Adding instrumentation to an application can be problematic because the instrumentation may change the way 
the software functions, resulting in invalid test results. The goal of this experiment was to evaluate different 
instrumentation approaches and platforms and see whether they could identify problems without interfering with the 
software - that is, if they could detect and isolate errors which were also errors in the non-mstrumented system. This 
would indicate that the tools would be effective as initial test platforms to help flesh out problems before proceeding 
to more high-fidelity testing. We used an Aspect-Oriented Programming (AOP) 1 approach to help automate the 
insertion of checks into the code. 

To enable intermediate test results checking, we needed a set of properties of the intermediate states of the 
software that should be satisfied by any test. We used a spectrum of properties, from a few generic properties such 
as "avoid division by zero," to several application specific properties, such as "the size of the backstep should 
always be between -0.01 and -2.0." The application specific properties were elicited from the development and 
testing organization using an iterative process. 

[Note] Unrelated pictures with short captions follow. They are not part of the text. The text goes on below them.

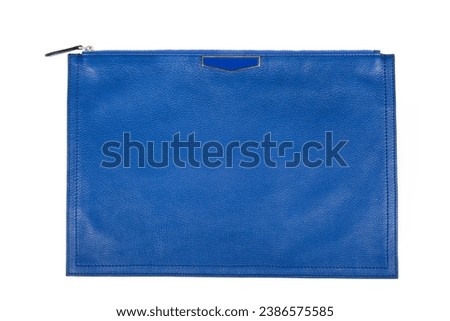 Fashion Ladies Accessories Women's Bags Blue Leather Wristlet Bag Front
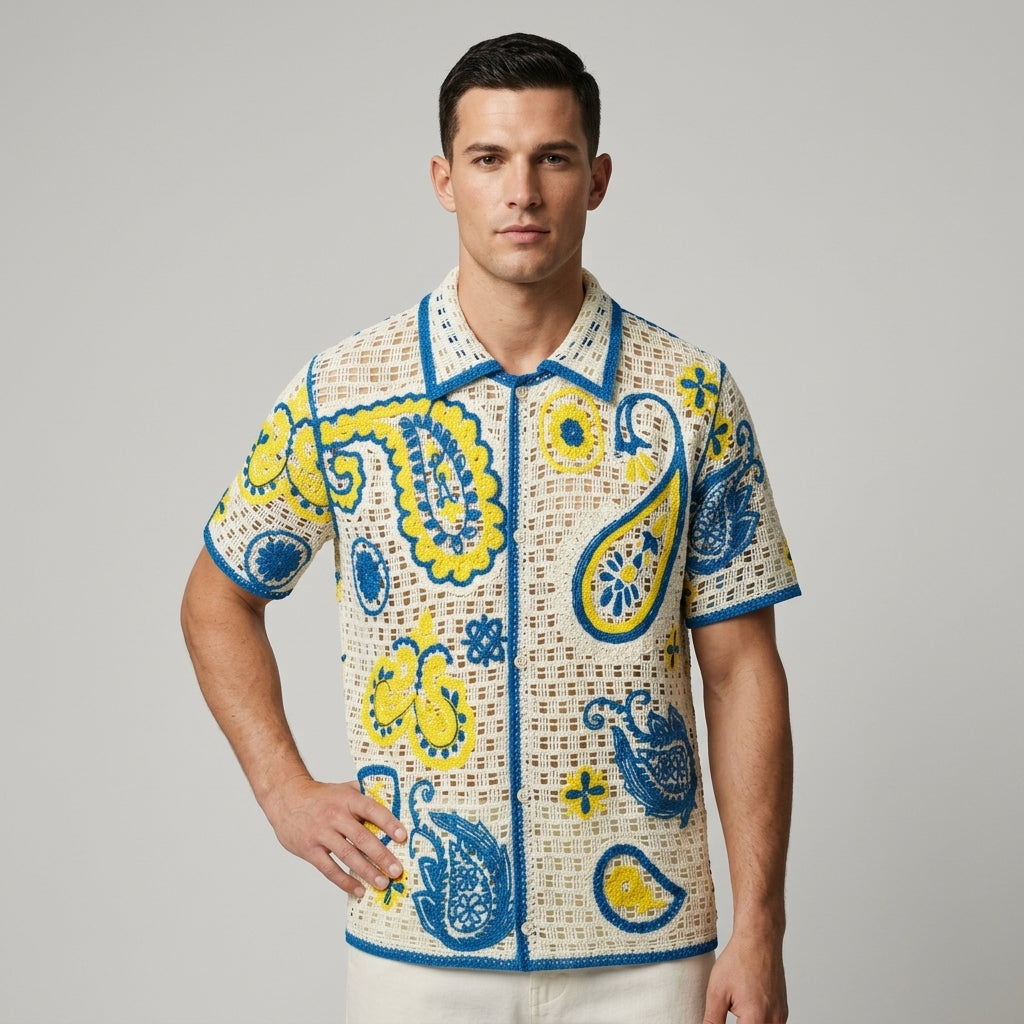 Callum Crochet Embroidered Camp Shirt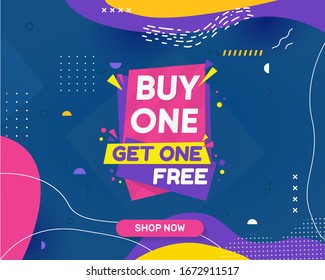 Abstract creative colourful buy one get one banner in memphis style. can be used as poster or banner design. For shopping.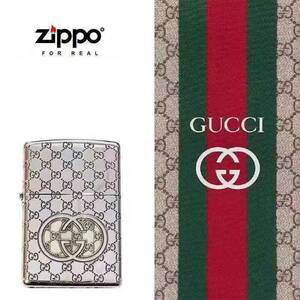 zippo打火机联名款潮牌gucci古驰双色纯铜纯银防风礼品支持过毒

In addition to inserting checks with AOP, we also applied the following tools to check some of these properties: 

• gcov for measuring test coverage 

• Valgrind for detecting heap and uninitialized memory errors 

• Linux libraries for finding non-normal floating point values 

• Dingo, a C++ source code scanning tool, for identifying potential coding issues 

In the next section, we provide a brief overview of SAFM and the process used during development and testing. 
We then discuss how we identified additional properties to test and extended the test environment to check these 
properties. Finally, we provide technical descriptions of the tools that were used during this effort and provide a 
summary 7 of the results. 

II. Overview of the Shuttle Abort Flight Management system 

A. Shuttle Abort Flight Management 

To perform shuttle abort flight management, SAFM evaluates potential abort options for the Space Shuttle 
during various contingencies and provides abort recommendations to the crew. SAFM provides abort performance 
assessment during the powered flight phase (while the space shuttle main engine is firing) and landing site 
evaluation and monitoring during the glided flight phases. SAFM was developed as part of the Space Shuttle 
Cockpit Avionics Upgrade by NASA Johnson Space Center, United Space Alliance and General Dynamics Decision 
Systems. 

B. SAFM Development and Testing 

SAFM was developed using C++ and consists of 38K SLOC. It was developed over the course of 4 years and 
went through 1 1 incremental releases. Testing was done at the unit level and the application level using test data 
from generated with a space shuttle simulator. Application test results were evaluated against a SAFM requirements 
simulator developed by General Dynamics. The SAFM requirements simulator provided both input-output results as 
well as an assessment of requirements coverage achieved by a test. The requirements simulator was described as 
being very valuable for evaluating potential requirements changes before adding them to the Software Requirements 
Specification. 

SAFM maintains and evaluates a set of viable hypothetical abort scenarios. Each scenario maintains a set of 
scenario-specific data, resulting in a relatively large internal state relative to its inputs and outputs. This presents a 
challenge to testing, because there is limited visibility to the scenario data at the application interface. Must of our 
effort was aimed at increasing visibility into the SAFM internal state to improve test validation.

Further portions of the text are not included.